Today the Church of Greece commemorates one of its shining modern Saints: Papa-Nicholas Planas (+1932).
St Nicholas was a simple parish priest in Athens, humble, poor, and barely literate. He was born on Naxos in 1851 to moderately prosperous parents; but when his father died, his mother was reduced to near-poverty, and moved the family to Athens. St Nicholas married at the age of seventeen, but his wife died after a short time, leaving him with one son. He served the Divine Liturgy daily, never missing a day for fifty years, despite illness, storms, and war. His liturgies lasted for several hours, mostly due to the hundreds of commemorations that he included. The faithful would give him sheets of paper containing names to be commemorated; he would carry all the sheets with him in bulging satchels. A few of his spiritual children made it their task to go through the papers secretly and discard the oldest and most worn, so that the commemorations would not increase without limit.
In his conversation, the Saint had a simple and childlike manner, and he was often scorned by more sophisticated laymen, priests and hierarchs, never being appointed to any but the smallest and poorest parishes. Many, however, discerned his holiness, and a large synodia of spiritual children slowly gathered around him. Among these were the iconographer Photios Kontoglou and the writer Alexandros Papadiamantis; though both were respected intellectuals, they recognized in Papa-Nicholas the “savor of Orthodoxy” often absent in more polished clerics.
Once, a very young altar boy ran out from the altar while Fr Nicholas was serving and, trembling with fear, cried to his mother, ‘Mama, Father Nicholas is floating in the air!’ His mother, trying to comfort him, said ‘Don’t be afraid, all priests do that when they serve the Liturgy.’ St. Nicholas was often in difficulties with the hierarchy because he continued to keep the feasts according to the Old Calendar after the Church in Greece had adopted the New Calendar. Nonetheless, he never broke commumnion with the national church (nor they with him): his humility left no room for Church politics. He reposed in peace in 1932.
What follows is a re-post of a 2010 post on St Nicholas.
Here are a few paragraphs from Photios Kontoglou’s foreword to Papa-Nicholas Planas: The Simple Shepherd of the Simple Sheep. Saint Nicholas Planas (+1932) spent most of his life as a simple parish priest living in poverty in and around Athens.
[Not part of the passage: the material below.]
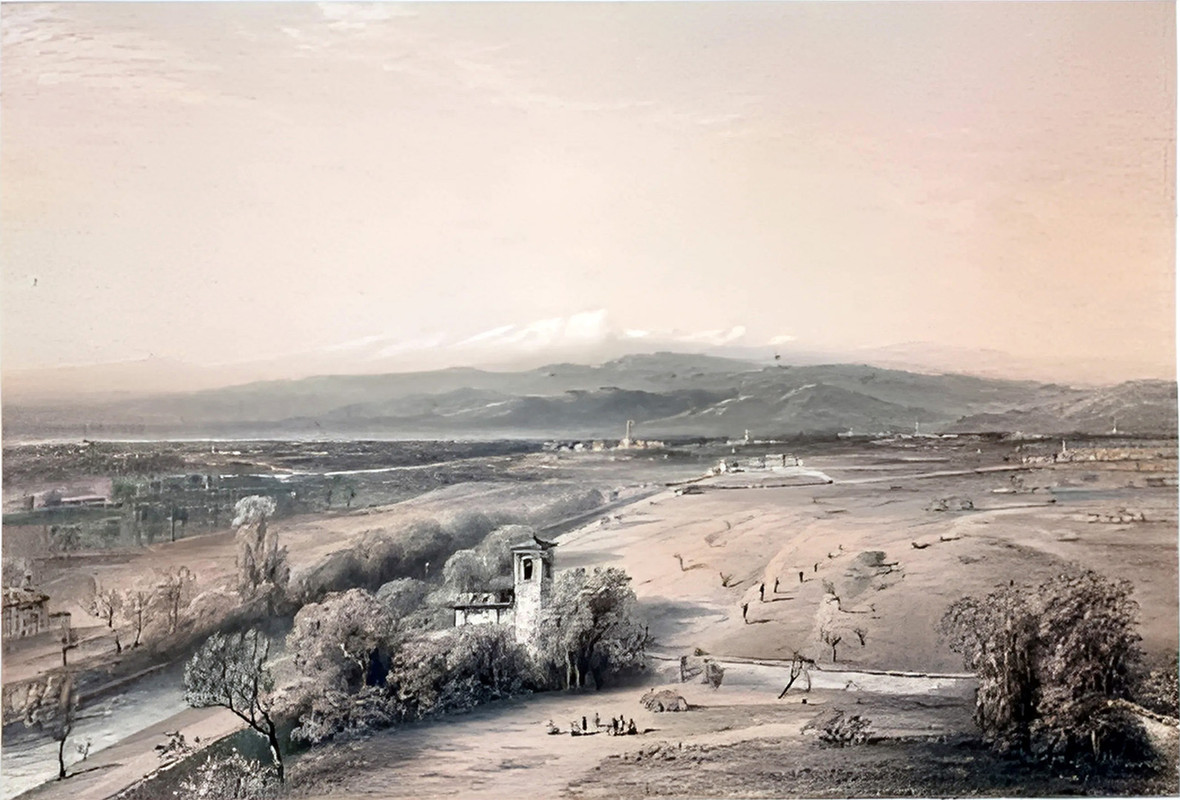 Franco Austriaca Magenta Una Vista General Del Campo De Batalla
Let the world go its own way, “the broad way that leadeth to destruction.” The few who turn aside from that road, though they live hidden from the world, yet they have that blessed hope which is “full of immortality.” The others, according to the Apostle Paul, are they “which have no hope.”
For this reason also, the blessed and innocent Elder, whose life is written in this book, lived joyfully, as if he were a little child, “with cheerfulness,” in spite of all the bitterness he went through, since he had within him the Holy Spirit Who is called the Paraclete, that is, “the Comforter” — because whoever is enlightened by Him has that consolation which overcomes all bitterness and makes his face to shine. For him, disdain is welcomed with joy; poverty and privation become riches; ill-treatment is turned to honor, hate to love, despair to blessed hope, affliction to joy.
Truly, blessed and fortunate are all those who have quickly discerned the bitterness which is found in the joys of the world and have drawn near to Christ, Who blessed the poor in spirit, them that mourn, the meek, the merciful, the pure in heart, the peacemakers.